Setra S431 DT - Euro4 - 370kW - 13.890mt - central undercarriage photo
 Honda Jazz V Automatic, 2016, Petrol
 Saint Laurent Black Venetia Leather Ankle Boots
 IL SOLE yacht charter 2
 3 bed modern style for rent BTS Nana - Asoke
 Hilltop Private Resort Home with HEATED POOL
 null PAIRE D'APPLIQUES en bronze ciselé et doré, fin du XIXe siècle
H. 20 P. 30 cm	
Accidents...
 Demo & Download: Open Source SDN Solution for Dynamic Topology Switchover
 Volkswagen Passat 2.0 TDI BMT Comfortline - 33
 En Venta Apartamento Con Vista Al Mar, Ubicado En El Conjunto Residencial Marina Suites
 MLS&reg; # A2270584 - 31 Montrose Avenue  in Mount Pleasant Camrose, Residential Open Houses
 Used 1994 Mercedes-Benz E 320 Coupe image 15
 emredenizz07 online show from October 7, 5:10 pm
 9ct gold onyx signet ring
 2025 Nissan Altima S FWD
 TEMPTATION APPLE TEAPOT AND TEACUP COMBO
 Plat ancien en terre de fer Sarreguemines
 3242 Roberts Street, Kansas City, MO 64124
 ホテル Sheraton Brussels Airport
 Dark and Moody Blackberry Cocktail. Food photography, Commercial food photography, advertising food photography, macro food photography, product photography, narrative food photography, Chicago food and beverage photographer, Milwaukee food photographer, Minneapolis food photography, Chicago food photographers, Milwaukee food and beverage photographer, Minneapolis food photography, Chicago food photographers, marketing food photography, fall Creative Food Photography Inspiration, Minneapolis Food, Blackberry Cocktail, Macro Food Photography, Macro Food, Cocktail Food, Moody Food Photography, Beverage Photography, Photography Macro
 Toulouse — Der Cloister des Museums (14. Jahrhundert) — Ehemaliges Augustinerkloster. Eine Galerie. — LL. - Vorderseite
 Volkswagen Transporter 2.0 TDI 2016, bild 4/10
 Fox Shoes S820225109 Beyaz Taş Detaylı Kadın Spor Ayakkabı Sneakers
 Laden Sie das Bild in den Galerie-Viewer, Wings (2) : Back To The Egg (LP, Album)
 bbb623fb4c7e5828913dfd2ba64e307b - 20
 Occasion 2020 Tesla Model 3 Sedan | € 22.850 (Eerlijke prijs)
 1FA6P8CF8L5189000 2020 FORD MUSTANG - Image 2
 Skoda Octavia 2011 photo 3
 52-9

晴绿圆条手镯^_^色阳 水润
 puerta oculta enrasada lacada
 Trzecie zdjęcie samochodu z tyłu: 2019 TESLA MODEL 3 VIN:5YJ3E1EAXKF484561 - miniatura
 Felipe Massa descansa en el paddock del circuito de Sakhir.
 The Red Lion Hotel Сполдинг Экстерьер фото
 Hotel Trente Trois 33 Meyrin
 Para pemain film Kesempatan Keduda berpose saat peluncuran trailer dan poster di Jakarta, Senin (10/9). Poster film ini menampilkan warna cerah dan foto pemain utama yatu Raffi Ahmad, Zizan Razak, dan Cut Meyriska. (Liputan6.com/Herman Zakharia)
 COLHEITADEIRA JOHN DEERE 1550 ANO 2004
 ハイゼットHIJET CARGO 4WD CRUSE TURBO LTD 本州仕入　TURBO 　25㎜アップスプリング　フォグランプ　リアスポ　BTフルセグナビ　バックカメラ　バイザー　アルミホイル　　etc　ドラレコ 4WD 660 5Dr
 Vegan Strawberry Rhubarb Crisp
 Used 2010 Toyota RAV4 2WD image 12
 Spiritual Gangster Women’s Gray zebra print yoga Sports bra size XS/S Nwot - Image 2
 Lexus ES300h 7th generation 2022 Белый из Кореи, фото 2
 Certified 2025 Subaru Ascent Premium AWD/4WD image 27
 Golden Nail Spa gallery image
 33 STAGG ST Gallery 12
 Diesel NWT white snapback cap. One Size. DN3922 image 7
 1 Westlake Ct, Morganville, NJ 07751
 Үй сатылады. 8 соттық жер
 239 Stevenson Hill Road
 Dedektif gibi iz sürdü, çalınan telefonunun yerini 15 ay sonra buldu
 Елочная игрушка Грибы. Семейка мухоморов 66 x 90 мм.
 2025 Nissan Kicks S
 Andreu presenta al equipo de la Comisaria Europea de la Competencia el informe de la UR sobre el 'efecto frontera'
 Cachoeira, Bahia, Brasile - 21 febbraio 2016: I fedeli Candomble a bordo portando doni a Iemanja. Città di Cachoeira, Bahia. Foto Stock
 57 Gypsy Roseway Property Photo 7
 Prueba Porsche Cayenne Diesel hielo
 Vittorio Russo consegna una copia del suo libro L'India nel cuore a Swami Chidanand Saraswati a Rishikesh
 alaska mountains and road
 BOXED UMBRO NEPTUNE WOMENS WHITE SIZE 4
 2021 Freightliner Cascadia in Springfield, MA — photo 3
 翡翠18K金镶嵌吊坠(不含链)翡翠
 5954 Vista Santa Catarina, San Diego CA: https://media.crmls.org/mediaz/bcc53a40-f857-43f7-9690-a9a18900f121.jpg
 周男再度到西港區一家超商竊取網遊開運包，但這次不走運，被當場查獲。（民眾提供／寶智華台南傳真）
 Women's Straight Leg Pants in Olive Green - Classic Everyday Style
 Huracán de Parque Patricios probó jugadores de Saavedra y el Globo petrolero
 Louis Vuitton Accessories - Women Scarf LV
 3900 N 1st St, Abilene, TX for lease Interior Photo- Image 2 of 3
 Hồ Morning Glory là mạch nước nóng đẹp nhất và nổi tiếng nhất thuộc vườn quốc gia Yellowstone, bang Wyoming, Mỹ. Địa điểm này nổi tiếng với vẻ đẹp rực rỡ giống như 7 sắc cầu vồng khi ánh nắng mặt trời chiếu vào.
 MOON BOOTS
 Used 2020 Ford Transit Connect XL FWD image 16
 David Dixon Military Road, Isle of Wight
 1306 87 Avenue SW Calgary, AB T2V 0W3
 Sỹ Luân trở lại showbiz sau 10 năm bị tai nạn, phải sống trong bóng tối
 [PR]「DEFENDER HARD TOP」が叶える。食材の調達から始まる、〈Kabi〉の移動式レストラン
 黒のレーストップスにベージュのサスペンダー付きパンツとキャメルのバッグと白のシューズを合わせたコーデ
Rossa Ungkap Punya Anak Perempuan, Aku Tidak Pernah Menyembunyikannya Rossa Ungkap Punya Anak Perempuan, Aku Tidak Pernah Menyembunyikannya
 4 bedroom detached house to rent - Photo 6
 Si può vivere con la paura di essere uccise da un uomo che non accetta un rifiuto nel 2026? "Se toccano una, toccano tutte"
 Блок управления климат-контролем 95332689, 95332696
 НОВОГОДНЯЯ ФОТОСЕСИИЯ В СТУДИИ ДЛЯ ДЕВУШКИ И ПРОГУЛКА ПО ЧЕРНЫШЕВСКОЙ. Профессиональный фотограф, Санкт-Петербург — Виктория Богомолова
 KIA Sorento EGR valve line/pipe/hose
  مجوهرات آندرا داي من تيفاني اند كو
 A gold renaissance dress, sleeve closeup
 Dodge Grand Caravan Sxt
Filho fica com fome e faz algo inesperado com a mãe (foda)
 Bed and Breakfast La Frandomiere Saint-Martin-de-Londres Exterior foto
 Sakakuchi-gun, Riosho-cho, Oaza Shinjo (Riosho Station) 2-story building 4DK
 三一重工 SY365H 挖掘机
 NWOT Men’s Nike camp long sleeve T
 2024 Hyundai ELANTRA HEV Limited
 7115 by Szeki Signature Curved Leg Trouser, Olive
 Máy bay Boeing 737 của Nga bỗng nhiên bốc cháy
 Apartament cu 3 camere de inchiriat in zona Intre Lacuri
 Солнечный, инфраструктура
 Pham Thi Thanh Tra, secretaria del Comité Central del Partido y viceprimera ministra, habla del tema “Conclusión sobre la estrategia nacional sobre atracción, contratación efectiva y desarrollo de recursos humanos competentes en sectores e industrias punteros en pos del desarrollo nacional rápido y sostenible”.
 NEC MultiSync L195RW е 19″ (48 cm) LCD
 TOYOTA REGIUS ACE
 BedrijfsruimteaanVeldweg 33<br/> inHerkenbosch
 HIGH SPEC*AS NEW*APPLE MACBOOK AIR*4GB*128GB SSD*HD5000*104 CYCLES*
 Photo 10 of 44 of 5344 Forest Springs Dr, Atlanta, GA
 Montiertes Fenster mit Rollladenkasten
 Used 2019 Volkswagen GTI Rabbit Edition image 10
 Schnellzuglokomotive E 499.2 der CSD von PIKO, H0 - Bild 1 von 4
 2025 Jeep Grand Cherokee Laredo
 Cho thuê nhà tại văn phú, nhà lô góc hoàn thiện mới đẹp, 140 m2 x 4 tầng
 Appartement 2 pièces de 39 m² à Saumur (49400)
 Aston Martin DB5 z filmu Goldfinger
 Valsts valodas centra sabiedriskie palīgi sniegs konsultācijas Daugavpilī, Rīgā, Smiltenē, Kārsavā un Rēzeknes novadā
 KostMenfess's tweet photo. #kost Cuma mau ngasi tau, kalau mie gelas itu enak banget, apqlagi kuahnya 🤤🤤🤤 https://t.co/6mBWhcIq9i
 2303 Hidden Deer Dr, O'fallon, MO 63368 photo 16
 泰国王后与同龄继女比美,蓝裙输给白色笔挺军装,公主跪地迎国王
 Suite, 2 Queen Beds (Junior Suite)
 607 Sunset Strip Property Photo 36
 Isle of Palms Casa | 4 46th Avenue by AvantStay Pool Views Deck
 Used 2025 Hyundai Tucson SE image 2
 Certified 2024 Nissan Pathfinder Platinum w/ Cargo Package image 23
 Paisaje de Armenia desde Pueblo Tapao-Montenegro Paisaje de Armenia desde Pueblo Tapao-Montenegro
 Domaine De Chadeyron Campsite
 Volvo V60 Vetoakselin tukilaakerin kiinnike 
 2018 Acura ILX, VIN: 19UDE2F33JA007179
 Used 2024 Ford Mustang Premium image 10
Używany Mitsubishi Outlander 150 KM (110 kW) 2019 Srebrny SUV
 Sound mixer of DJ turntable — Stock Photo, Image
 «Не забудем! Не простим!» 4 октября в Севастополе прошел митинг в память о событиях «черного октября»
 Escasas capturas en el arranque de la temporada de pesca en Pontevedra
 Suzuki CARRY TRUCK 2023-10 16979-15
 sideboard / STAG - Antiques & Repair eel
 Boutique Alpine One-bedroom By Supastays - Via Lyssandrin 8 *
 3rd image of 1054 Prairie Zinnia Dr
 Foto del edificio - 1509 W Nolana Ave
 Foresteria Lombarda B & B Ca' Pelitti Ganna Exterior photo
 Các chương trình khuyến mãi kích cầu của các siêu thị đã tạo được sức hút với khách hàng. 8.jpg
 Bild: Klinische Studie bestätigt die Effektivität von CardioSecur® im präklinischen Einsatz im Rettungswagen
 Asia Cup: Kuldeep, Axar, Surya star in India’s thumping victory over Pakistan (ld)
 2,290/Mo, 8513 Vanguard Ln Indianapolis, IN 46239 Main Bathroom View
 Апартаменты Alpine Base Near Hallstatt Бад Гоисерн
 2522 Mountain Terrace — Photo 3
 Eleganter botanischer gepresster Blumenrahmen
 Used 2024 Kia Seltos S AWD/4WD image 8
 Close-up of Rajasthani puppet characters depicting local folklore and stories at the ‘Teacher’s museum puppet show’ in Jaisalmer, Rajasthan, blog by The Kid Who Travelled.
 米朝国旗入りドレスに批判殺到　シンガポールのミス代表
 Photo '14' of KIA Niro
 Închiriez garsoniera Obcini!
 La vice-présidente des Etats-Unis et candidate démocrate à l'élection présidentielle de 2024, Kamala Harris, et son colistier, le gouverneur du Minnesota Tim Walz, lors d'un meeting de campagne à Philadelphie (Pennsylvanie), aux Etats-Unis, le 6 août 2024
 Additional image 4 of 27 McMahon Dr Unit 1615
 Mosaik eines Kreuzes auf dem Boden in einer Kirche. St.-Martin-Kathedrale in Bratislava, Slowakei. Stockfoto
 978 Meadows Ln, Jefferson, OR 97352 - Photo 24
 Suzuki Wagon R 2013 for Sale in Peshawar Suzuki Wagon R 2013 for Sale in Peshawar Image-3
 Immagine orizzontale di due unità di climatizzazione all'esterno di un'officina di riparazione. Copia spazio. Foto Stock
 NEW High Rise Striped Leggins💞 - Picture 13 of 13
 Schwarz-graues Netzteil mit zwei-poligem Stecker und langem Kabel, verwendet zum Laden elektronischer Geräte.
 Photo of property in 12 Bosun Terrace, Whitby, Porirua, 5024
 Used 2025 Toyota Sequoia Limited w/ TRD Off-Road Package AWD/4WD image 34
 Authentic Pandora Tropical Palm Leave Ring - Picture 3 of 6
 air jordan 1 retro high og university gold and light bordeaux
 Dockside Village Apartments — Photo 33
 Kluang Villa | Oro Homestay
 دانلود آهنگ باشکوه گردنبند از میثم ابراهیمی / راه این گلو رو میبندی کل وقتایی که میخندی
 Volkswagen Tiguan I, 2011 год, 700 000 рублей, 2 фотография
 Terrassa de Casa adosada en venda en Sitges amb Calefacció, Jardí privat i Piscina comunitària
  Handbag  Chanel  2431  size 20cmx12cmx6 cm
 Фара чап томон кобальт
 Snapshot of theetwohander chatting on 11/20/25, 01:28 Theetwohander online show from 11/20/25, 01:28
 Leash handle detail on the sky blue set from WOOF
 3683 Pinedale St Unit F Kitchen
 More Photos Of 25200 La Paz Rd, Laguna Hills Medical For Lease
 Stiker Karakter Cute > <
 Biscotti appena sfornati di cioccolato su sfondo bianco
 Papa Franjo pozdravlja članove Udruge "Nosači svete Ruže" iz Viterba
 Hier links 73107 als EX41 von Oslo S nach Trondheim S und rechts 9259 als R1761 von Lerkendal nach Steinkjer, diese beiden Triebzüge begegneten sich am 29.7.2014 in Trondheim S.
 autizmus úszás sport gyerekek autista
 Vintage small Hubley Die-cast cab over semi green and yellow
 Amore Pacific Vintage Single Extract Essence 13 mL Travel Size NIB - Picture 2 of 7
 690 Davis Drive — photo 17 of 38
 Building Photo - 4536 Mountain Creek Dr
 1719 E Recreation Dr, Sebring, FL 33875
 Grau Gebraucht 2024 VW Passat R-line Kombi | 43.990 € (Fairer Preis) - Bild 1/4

——————

Begin at the line that has "2025 Nissan Kicks S" in the entries above; stop after the line that has "翡翠18K金镶嵌吊坠(不含链)翡翠". Transcribe exactly those lines and no others.

 2025 Nissan Kicks S
 Andreu presenta al equipo de la Comisaria Europea de la Competencia el informe de la UR sobre el 'efecto frontera'
 Cachoeira, Bahia, Brasile - 21 febbraio 2016: I fedeli Candomble a bordo portando doni a Iemanja. Città di Cachoeira, Bahia. Foto Stock
 57 Gypsy Roseway Property Photo 7
 Prueba Porsche Cayenne Diesel hielo
 Vittorio Russo consegna una copia del suo libro L'India nel cuore a Swami Chidanand Saraswati a Rishikesh
 alaska mountains and road
 BOXED UMBRO NEPTUNE WOMENS WHITE SIZE 4
 2021 Freightliner Cascadia in Springfield, MA — photo 3
 翡翠18K金镶嵌吊坠(不含链)翡翠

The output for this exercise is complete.